> **EXERCISE DIRECTIONS**
What the answer must contain is every line of the records, exactly, with no pictures.

> **SUPPLIED ENTRIES**

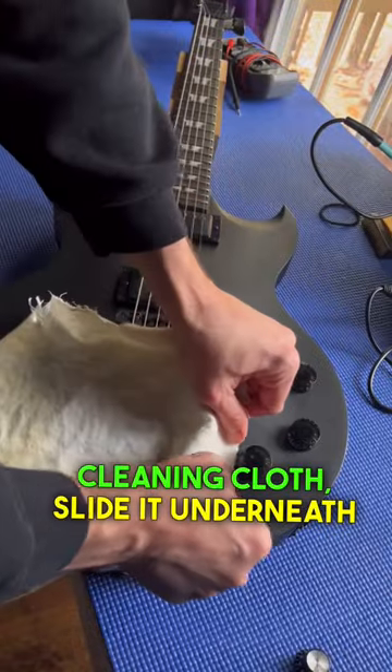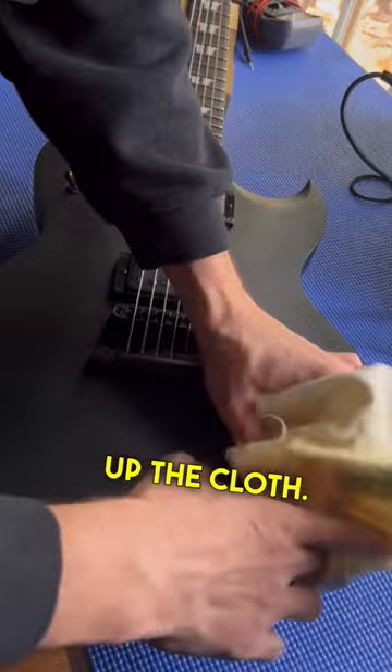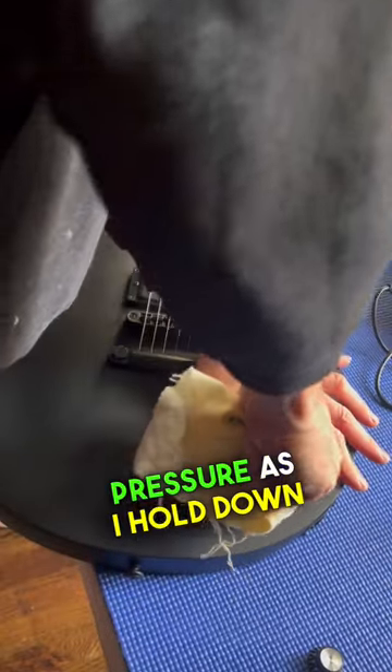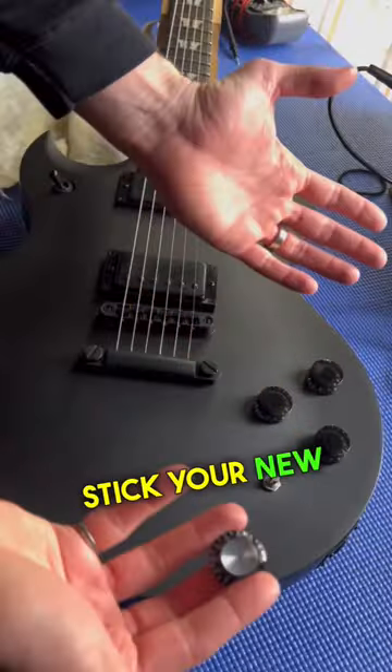Take a cleaning cloth, slide it underneath the skirt of the knob, and then twirl up the cloth and apply even pressure as you hold down the body. And there you have it — you can stick your new knob on.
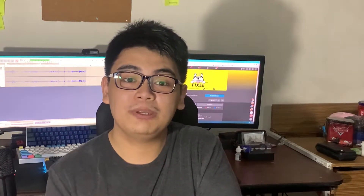Welcome to FixiTV! I'm your host Neil, and today we'll be walking you through some important details when it comes to setting up two or more monitors for your gaming PC.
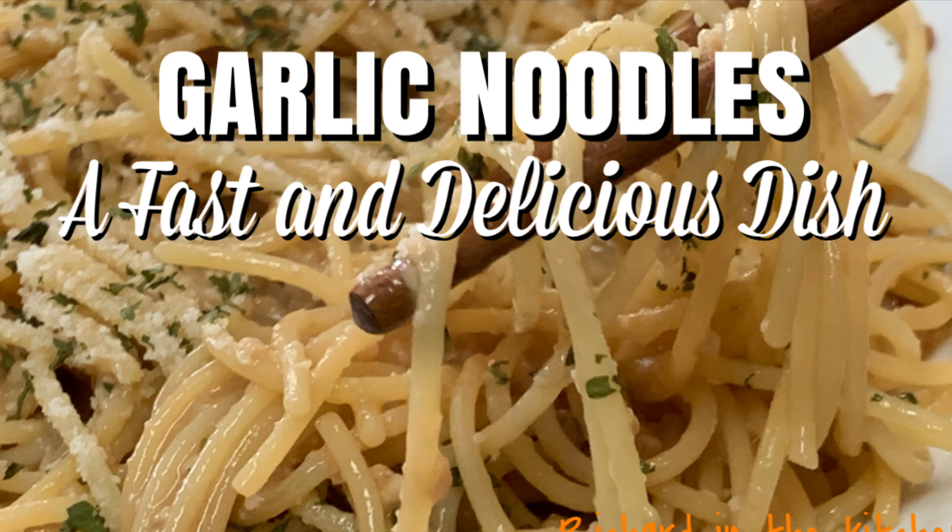Bring a pot of water to a rolling boil, then add your salt, and we're going to cook our pasta. The common pasta for this dish is spaghetti. However, you can use any type of pasta that you like. Cook according to package directions.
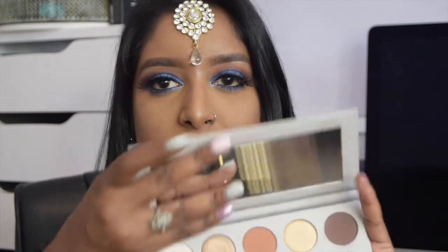As you can tell by the title of this video, today I'm reviewing the Kim Kardashian and Mario palette. It's a really beautiful palette — a mixture of both matte and shimmer shades. I love how slick the packaging is and it fits perfectly in my hand. I really wanted to use the cobalt blue shade and incorporate it in an Indian-inspired look, and I'm really excited how it turned out.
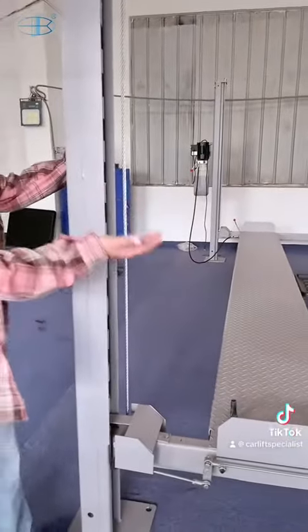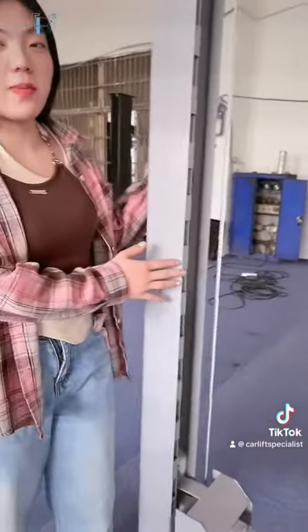Hello friends, this is Leah from Shanghai Fanball Automatus Equipment Company Limited. I know that all of you like this product. Look out here — this is the four-post elite, the most popular product in our company.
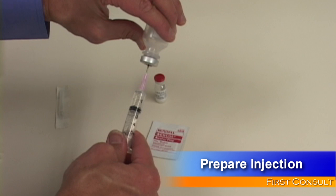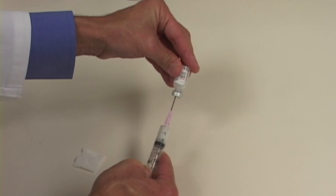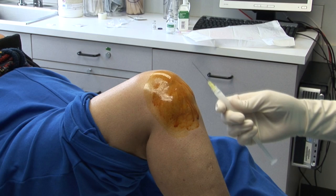Draw up 2.5 cc's of Marcaine and 40 mg of methylprednisolone acetate or the equivalent into a single syringe using an 18-gauge needle and mix well by tipping the syringe backwards and forwards. Remove the needle and place a sterile 27-gauge needle on the syringe.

> **ANSWER TO THIS EXERCISE**
Take a cleaning cloth, slide it underneath the skirt of the knob, and then twirl up the cloth and apply even pressure as you hold down the body. And there you have it — you can stick your new knob on.
Welcome to FixiTV! I'm your host Neil, and today we'll be walking you through some important details when it comes to setting up two or more monitors for your gaming PC.
Bring a pot of water to a rolling boil, then add your salt, and we're going to cook our pasta. The common pasta for this dish is spaghetti. However, you can use any type of pasta that you like. Cook according to package directions.
As you can tell by the title of this video, today I'm reviewing the Kim Kardashian and Mario palette. It's a really beautiful palette — a mixture of both matte and shimmer shades. I love how slick the packaging is and it fits perfectly in my hand. I really wanted to use the cobalt blue shade and incorporate it in an Indian-inspired look, and I'm really excited how it turned out.
Hello friends, this is Leah from Shanghai Fanball Automatus Equipment Company Limited. I know that all of you like this product. Look out here — this is the four-post elite, the most popular product in our company.
Draw up 2.5 cc's of Marcaine and 40 mg of methylprednisolone acetate or the equivalent into a single syringe using an 18-gauge needle and mix well by tipping the syringe backwards and forwards. Remove the needle and place a sterile 27-gauge needle on the syringe.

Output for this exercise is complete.